John Irving – Lasst die Bären los

Für einen Moment lang schaltete ich den leisen Leerlauf, lauschte mit ihnen und hielt wie sie Ausschau nach dem einen hochbegabten Tier, das jede Sekunde auftauchen könnte – nachdem es den bestmöglichen Hinderniskurs gelaufen war. Nach dem einen hervorragenden Gibbon vielleicht, der im Handstandüberschlag das Krankenhausgelände durchqueren würde – umringt von Krankenschwestern, von den Balkons mit Rollstühlen bombardiert; schließlich in Gummiatemschläuche verstrickt und mit einem Stethoskop erdrosselt. Eine Gefangennahme, die sich das komplette Krankenhauspersonal und die Patienten als stolzen Verdienst anrechnen würden.

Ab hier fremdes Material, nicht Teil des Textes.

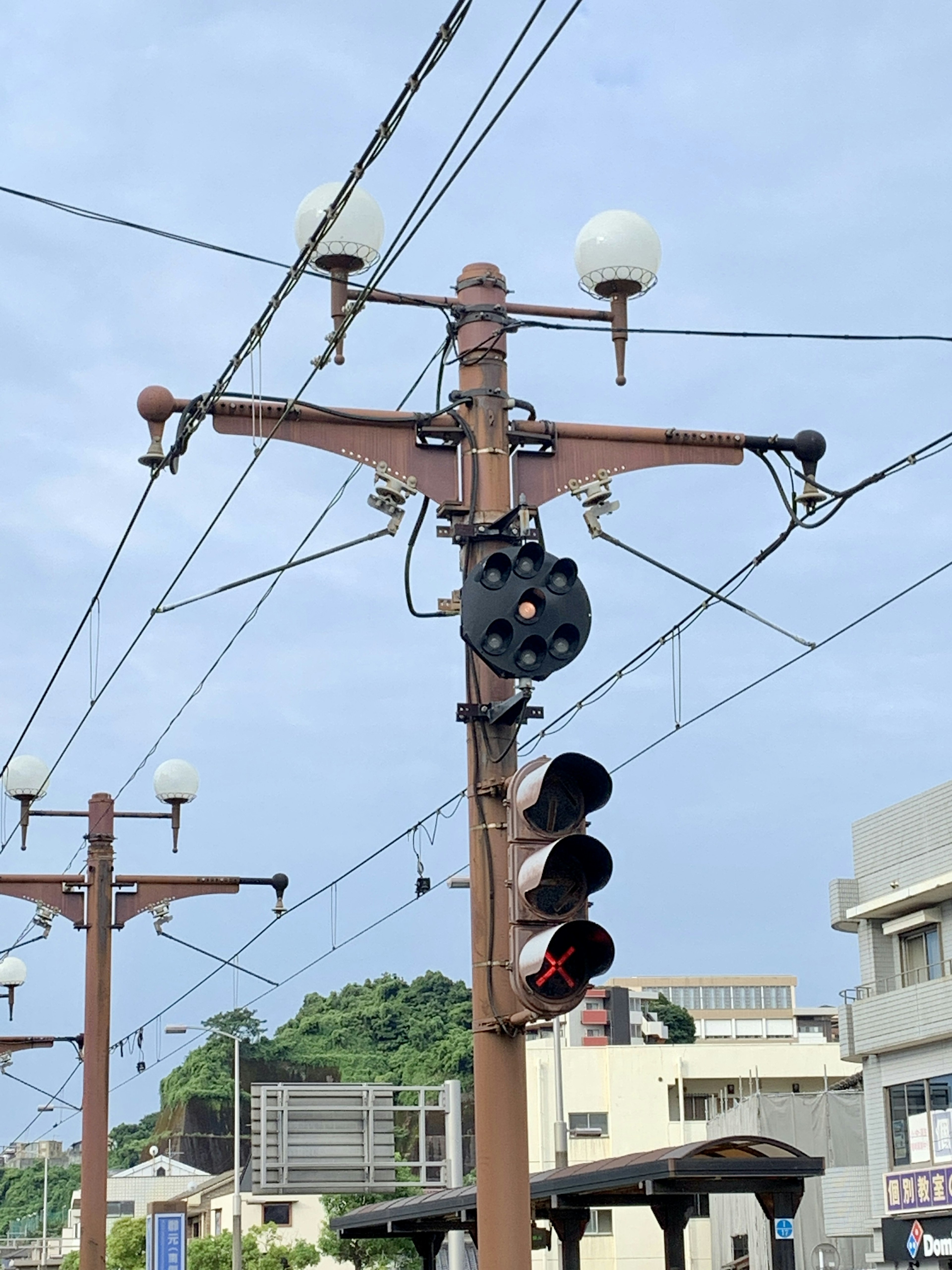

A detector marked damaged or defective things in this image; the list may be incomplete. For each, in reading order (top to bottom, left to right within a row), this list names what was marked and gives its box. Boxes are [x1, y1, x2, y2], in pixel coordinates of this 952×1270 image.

John Irvings erster Roman zeigt bereits alle seine Fähigkeiten in der überzeugenden Charakterisierung seiner Protagonisten. Meiner Ausgabe des Romans ist ein Interview mit dem Autor nachgestellt, in dem er unter anderem davon spricht, dass er die Obsessionen seiner Charaktere kennen muss. Wer eine Obsession hat, die er nicht kontrollieren kann, bricht aus der Norm aus und wird dadurch interessant. Diese Aussage scheint mir einer längeren Betrachtung wert, da steckt doch ein tieferer Sinn dahinter, der über die Erfindung von Romanfiguren hinausgeht.

Wie so oft steckt dahinter der Begriff „normal“ und die Frage, was ist überhaupt normal und kann überhaupt irgendetwas oder irgendjemand normal sein? Ist eine Mode automatisch normal, wenn sie von einer größeren Menge an Personen angenommen wird? Wie groß muss diese Menge sein? Welche Obsession treibt den an sich normalen Menschen aus seiner Normalität heraus? Wann wird eine Obsession so stark, dass der Mensch sie nicht mehr kontrollieren kann?

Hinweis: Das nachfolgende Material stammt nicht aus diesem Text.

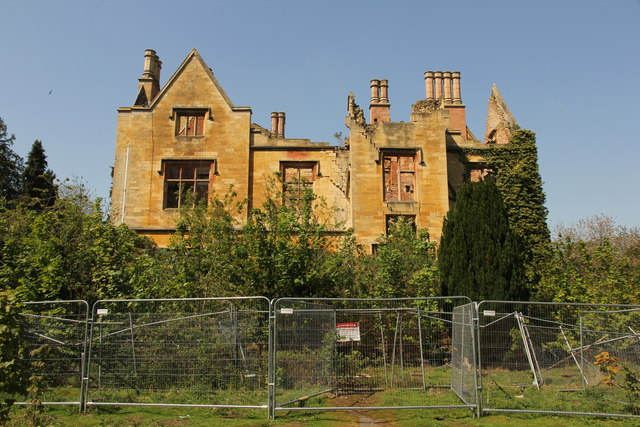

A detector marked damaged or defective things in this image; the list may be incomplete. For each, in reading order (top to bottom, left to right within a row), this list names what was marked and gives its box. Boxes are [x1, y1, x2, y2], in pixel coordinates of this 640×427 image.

broken window opening [162, 160, 215, 209]
broken window opening [382, 152, 418, 202]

Der Roman erzählt von den Studenten Siggi und (Hannes) Graff. Siggi ist voller Energie und wirrer Ideen und überredet Graff zu einem Trip mit dem Motorrad. Graff ist ein eher stiller Typ, ein Mitläufer, der etwas ziellos durchs Leben stolpert und sich vom temperamentvollen Siggi mitreißen lässt. Siggi erfindet den Plan, die Tiere im Tiergarten Schönbrunn zu befreien. Graff nimmt ihn nicht ernst, doch nachdem Siggi bei einem Unfall ums Leben kommt, kann Graff an nichts anderes mehr denken, als Siggis verrückten Plan in die Tat umzusetzen. Bei der sich entfaltenden Katastrophe spielt der Asiatische Kragenbär eine wesentliche Rolle.

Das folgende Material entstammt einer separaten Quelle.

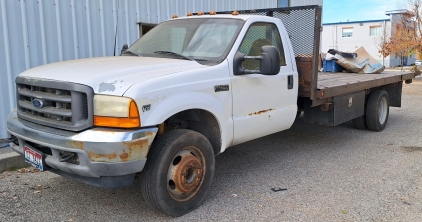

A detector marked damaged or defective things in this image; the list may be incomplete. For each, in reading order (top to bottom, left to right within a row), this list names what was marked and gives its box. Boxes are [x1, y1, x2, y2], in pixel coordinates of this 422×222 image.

rusty wheel rim [167, 146, 205, 201]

Zwischen Siggis Plänen (Zoowache) erfahren wir seine Familiengeschichte. Dafür recherchierte sich John Irving tief in die jugoslawische Geschichte vor und während des zweiten Weltkriegs, um die Geschichte von Siggis Vater und dessen Reise nach Wien zu erklären. Siggis Familiengeschichte zeigt deutlich die Verzweiflung, die Ausweglosigkeit er Kriegsjahre, die sich wiederum auf die Gefangenschaft der Tiere im Tiergarten reflektieren lässt.

Zwischen den Zeilen darf Siggi auch noch einige Lebensweisheiten von sich geben, die sein sprunghaftes Wesen konterkarieren. Ecken und Kanten. Obsessionen. Ein von einem Amerikaner geschriebener und trotzdem zutiefst österreichischer Roman.

Die Zahlen ergeben eine bestimmte Summe, ganz egal, wie man sie addiert.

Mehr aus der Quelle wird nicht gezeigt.